O ato de criar é parte essencial da condição humana. Há teorias em várias áreas do conhecimento quanto ao papel do ser criador na sociedade. Um bom parâmetro para se majorar a produção criativa em uma sociedade é identificar o estímulo que gestores e o conjunto da sociedade dão ao processo criativo e ao criador porque daí surgem criaturas com conhecimento, sensibilidade, respeito ao próximo e visão plural do mundo e, principalmente, do seu entorno.
Apesar de ser a terra de Camões, Fernando Pessoa e Saramago, dentre muitos criadores significativos da literatura, me reporto aqui não só aos criadores, mas, a política cultural gerida que faz de Portugal um país expressivo no mundo da arte e, particularmente, na literatura. Por exemplo: vejamos alguns editais de 2023 publicados por lá.

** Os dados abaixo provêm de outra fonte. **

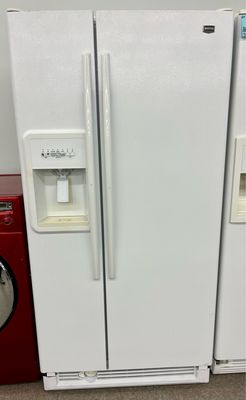 Maytag Side by Side Refrigerator/Freezer w/Icemaker
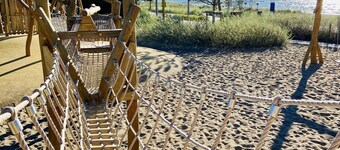 Vue mer | Sauna | Cheminée | Whirlpool | Salle de jeux | Terrasses | Plage à 80m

O Prêmio Literário Joaquim Mestre, promovido pela ASSESTA - Associação de Escritores do Alentejo, que premia o vencedor com € 3.000,00 (três mil euros); algo em torno de R$ 16.000,00 (dezesseis mil reais).
Prêmio Literário Alves Redol, 9° edição,promovido pela Câmara Municipal de Vila Franca de Xira, nas modalidades literárias de conto e romance. O prêmio para contos é de € 2.500,00 (dois mil e quinhentos euros), algo em torno de, R$ 14.000,00 (quatorze mil reais).
Prêmio Literário Luís Miguel Rocha, 3° edição, da Câmara Municipal de Viana do Castelo. O prêmio será de € 6.000,00 (seis mil euros), aproximadamente R$ 33.000,00 (trinta e três mil reais).
Prêmio Res Pública, da Fundação Res Publica, 5° edição,cujo tema este ano é “Políticas Públicas num futuro e num contexto de Alterações Climáticas”, tem o valor de um valor de € 2.500 (dois mil e quinhentos euros), aproximadamente R$ 14.000,00 (quatorze mil reais)e € 1.500 (um mil e quinhentos euros), em torno de R$ 8.000,00 (oito mil reais), a atribuir ao autor ou autores dos ensaios vencedores do primeiro e segundo prêmios, respetivamente, e um valor de € 1.000, em torno de R$ 5.500,00 (cinco mil e quinhentos reais), a atribuir ao autor vencedor do Prêmio Jovem (para autores nascidos depois de 2002).
Prêmio Literário Santos Stockler do Município de Lagoa. O prêmio será de € 10.000,00 (dez mil euros), em torno de R$ 55.000,00 (cinquenta e cinco mil reais).
Esses prêmios citados são apenas uma pequena fração dos prêmios que são publicados em Portugal com o fim de valorizar a língua portuguesa, promover e enaltecer a identidade daquele povo, assim como a diversidade sócio cultural dos leitores e dos artistas; ao mesmo tempo, estimular a criação literária, a propensão pela escrita e, naturalmente, pela leitura, desencadeando um potencial universo de apreciadores culturais.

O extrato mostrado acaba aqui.